Waxctl is the Bytewax command line interface that simplifies deployment and management of Bytewax dataflows. We built Waxctl to provide an interface that would mirror the experience that cloud or serverless platforms provide, but with your resources and your data staying within your network. We are still early on this vision, but it is core to the mission of Bytewax, which is to simplify development on streaming data. The decision to build a peripheral tool set around the core open source project instead of building a hosted version was a particularly important decision for us since we wanted our users to have complete control and feel at ease while running workflows that process sensitive data. With today’s virtualization technology, IaaS options and DevOps tooling, it's possible to build a user experience where you can focus on writing the code that matters (your dataflows) and not on how to configure instances and integrate with a myriad of devops tools. If you still want a more managed service where everything is managed, please contact us. Let’s get on with how to use Waxctl!

So you have written an awesome dataflow. Something that is revolutionary and now you need to run it on something that is not your laptop :). Waxctl is here to help. In this post, we are going to walk you through how you can turn your local dataflow into something ready for production with test and that can be automatically deployed to one of the public clouds. This is meant for smaller deployments that are not using Kubernetes, if you are using Kubernetes, please check out our documentation on how to use Waxctl with Kubernetes.

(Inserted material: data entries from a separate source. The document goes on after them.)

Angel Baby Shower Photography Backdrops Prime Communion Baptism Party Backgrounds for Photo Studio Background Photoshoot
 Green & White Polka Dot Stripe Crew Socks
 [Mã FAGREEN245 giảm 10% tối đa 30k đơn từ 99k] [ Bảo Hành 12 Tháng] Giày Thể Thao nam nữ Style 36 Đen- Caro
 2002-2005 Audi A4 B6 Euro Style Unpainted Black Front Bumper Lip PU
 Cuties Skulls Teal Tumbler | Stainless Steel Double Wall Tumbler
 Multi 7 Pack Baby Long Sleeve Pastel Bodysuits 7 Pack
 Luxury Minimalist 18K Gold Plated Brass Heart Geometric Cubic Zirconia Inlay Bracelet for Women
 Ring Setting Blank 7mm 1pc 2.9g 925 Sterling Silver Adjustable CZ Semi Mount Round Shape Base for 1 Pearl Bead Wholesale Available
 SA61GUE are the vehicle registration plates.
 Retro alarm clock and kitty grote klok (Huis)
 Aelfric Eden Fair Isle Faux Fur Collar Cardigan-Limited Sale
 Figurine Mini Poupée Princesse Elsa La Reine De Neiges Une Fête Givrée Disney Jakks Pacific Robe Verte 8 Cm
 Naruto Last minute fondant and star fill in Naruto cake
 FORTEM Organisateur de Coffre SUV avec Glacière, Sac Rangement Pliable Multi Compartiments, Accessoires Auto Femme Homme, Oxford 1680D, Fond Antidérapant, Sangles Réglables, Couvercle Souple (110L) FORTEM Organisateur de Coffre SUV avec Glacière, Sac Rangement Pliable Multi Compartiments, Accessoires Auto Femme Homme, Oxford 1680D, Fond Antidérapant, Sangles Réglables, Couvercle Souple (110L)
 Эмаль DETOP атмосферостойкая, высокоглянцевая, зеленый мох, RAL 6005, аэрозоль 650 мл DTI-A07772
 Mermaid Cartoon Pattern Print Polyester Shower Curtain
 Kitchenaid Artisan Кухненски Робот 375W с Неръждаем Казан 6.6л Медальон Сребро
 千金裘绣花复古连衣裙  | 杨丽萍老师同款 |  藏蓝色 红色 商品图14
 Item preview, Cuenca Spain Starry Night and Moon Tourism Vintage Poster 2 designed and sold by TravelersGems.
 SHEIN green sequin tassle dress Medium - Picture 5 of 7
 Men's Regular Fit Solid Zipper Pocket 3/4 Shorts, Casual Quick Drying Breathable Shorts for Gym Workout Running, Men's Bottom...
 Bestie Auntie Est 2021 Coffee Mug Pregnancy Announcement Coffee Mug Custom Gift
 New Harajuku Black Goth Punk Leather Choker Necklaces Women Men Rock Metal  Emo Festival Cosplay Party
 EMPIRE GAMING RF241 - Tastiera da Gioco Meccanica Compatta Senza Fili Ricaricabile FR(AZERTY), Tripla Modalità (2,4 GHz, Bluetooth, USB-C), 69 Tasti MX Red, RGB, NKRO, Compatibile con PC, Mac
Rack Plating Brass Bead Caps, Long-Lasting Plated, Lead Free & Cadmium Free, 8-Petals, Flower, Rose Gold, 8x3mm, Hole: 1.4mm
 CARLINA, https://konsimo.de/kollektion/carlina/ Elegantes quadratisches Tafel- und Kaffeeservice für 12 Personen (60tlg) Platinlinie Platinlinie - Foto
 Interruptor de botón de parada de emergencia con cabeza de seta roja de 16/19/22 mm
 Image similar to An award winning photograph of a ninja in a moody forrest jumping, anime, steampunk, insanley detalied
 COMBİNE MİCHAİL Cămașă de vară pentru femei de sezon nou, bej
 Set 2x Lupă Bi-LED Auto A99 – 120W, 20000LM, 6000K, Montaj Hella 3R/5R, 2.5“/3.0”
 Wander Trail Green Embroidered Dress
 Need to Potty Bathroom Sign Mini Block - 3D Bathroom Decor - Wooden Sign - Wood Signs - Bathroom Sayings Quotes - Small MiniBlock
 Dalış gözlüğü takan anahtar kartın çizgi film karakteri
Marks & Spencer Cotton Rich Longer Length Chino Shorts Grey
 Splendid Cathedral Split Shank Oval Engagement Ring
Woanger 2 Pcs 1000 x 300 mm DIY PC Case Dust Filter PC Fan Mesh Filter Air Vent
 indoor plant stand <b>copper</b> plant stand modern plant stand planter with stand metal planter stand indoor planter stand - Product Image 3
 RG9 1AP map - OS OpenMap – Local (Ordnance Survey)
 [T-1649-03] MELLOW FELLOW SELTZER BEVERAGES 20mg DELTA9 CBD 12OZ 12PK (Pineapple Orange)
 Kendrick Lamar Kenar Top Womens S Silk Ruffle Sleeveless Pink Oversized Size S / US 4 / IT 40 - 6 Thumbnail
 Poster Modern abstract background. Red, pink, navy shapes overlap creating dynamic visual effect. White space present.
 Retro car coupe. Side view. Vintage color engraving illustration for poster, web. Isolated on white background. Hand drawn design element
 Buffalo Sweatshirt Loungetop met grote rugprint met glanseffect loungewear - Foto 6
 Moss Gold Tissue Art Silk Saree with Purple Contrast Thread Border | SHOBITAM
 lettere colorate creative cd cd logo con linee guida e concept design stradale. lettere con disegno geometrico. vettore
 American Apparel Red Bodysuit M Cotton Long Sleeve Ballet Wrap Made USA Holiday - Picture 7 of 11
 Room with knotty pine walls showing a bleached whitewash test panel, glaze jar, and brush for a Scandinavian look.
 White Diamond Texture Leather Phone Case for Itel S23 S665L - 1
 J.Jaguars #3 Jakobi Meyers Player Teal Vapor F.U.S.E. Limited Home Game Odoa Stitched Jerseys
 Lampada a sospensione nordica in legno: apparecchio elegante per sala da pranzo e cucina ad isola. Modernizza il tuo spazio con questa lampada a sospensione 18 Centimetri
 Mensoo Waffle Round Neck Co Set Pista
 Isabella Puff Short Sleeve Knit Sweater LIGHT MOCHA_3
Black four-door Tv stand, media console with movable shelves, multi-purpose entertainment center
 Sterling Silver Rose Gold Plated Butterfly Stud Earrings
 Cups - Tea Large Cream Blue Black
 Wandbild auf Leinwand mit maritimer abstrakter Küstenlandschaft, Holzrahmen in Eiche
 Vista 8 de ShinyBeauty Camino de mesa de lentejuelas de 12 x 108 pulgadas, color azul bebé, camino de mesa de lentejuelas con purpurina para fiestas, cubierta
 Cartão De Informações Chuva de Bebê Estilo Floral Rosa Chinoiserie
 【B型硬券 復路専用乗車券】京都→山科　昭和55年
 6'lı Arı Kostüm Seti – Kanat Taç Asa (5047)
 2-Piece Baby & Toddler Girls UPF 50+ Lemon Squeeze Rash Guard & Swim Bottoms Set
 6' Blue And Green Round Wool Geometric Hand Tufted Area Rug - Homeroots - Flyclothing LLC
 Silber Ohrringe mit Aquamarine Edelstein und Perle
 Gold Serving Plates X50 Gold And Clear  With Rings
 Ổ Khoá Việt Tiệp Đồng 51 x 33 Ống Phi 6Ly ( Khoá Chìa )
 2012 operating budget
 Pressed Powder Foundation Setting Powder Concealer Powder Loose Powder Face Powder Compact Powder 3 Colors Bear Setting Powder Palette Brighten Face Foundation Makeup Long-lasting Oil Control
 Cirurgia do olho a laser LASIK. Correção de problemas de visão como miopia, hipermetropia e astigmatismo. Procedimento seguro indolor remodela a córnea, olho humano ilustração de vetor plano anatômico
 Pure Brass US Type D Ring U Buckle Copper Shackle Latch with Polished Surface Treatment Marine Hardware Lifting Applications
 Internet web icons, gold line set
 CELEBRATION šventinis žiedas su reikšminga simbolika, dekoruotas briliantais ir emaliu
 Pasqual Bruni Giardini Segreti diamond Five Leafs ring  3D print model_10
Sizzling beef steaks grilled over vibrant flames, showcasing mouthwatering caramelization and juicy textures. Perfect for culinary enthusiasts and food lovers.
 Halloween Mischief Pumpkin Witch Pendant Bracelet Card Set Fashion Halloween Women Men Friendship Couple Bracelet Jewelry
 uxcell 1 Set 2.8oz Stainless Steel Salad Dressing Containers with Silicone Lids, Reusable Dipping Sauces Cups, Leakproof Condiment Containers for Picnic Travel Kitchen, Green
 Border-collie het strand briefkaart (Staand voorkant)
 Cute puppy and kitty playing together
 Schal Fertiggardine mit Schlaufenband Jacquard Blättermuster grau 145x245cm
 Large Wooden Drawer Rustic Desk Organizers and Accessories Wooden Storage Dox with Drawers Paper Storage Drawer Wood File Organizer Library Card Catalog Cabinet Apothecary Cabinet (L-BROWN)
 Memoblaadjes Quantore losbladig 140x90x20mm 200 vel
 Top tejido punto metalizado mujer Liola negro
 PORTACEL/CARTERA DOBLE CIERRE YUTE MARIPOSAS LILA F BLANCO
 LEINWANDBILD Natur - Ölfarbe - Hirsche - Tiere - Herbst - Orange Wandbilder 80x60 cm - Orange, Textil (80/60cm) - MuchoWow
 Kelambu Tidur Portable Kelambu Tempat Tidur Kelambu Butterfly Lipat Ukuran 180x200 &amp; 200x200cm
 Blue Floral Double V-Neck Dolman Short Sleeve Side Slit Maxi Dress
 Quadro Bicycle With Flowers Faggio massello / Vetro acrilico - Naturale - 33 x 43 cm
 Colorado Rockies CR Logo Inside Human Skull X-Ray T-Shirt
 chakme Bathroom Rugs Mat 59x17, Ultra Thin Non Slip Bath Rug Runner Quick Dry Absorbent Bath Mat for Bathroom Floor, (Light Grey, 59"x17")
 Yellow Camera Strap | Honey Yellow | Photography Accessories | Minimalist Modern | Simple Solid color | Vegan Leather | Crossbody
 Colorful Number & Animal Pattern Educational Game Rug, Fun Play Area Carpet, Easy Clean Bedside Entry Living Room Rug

For the purposes of this tutorial, we are going to build upon some code from a prior blog post that streams events from wikimedia SSE stream. The code referenced in the rest of the post can be found in the waxctl-aws Repository

Writing and Running some tests

Working within the context of a data stream can be difficult because the data is always changing, it is helpful to take a sample of your data and use that when you are developing locally and testing the dataflow. To modify an existing dataflow to use a test set of data we will add/modify the following lines.

# dataflow.py
from bytewax.recovery import SqliteRecoveryConfig
from bytewax.window import SystemClockConfig, TumblingWindowConfig

+ ENVIRONMENT = os.getenv("ENVIRONMENT", None)
…
…
flow = Dataflow()
- flow.input("inp", ManualInputConfig(input_builder))
+ if ENVIRONMENT in ["TEST", "DEV"]:
+     with open("test_data.txt") as f:
+         inp = f.read().splitlines()
+     flow.input("inp", TestingInputConfig(inp))
+ else:
+     flow.input("inp", ManualInputConfig(input_builder))
flow.map(json.loads)
flow.map(initial_count)

Now when we run our code the TEST or DEV set as the environment variable named Environment we will use our test_data as input instead of consuming from the SSE stream. This will make it easier to work on code changes locally, and we can go one step further with this and write some tests that will run with pytest. :ninja:

Let’s take a peak at how we can run our dataflow as a test.

from dataflow import flow
from bytewax.execution import run_main
from bytewax.outputs import TestingOutputConfig


def test_dataflow():
    out = []
    flow.capture(TestingOutputConfig(out))
    run_main(flow)
    data = [
            ('commons.wikimedia.org', 1),
            ('ca.wikipedia.org', 1),
            ('species.wikimedia.org', 1),
            ('en.wikipedia.org', 2),
            ('ar.wikipedia.org', 1),
            ('fr.wikipedia.org', 1),
            ('id.wikipedia.org', 9),
            ('www.wikidata.org', 15),
            ('ro.wikipedia.org', 1),
        ]
    assert sorted(out) == sorted(data)

With very little additional code, we were able to add a test that we can run on each code change to ensure the dataflow is still running correctly. For the additions we made to our dataflow and our new test file, we are leveraging the TestingInputConfig and TestOutputConfig helpers.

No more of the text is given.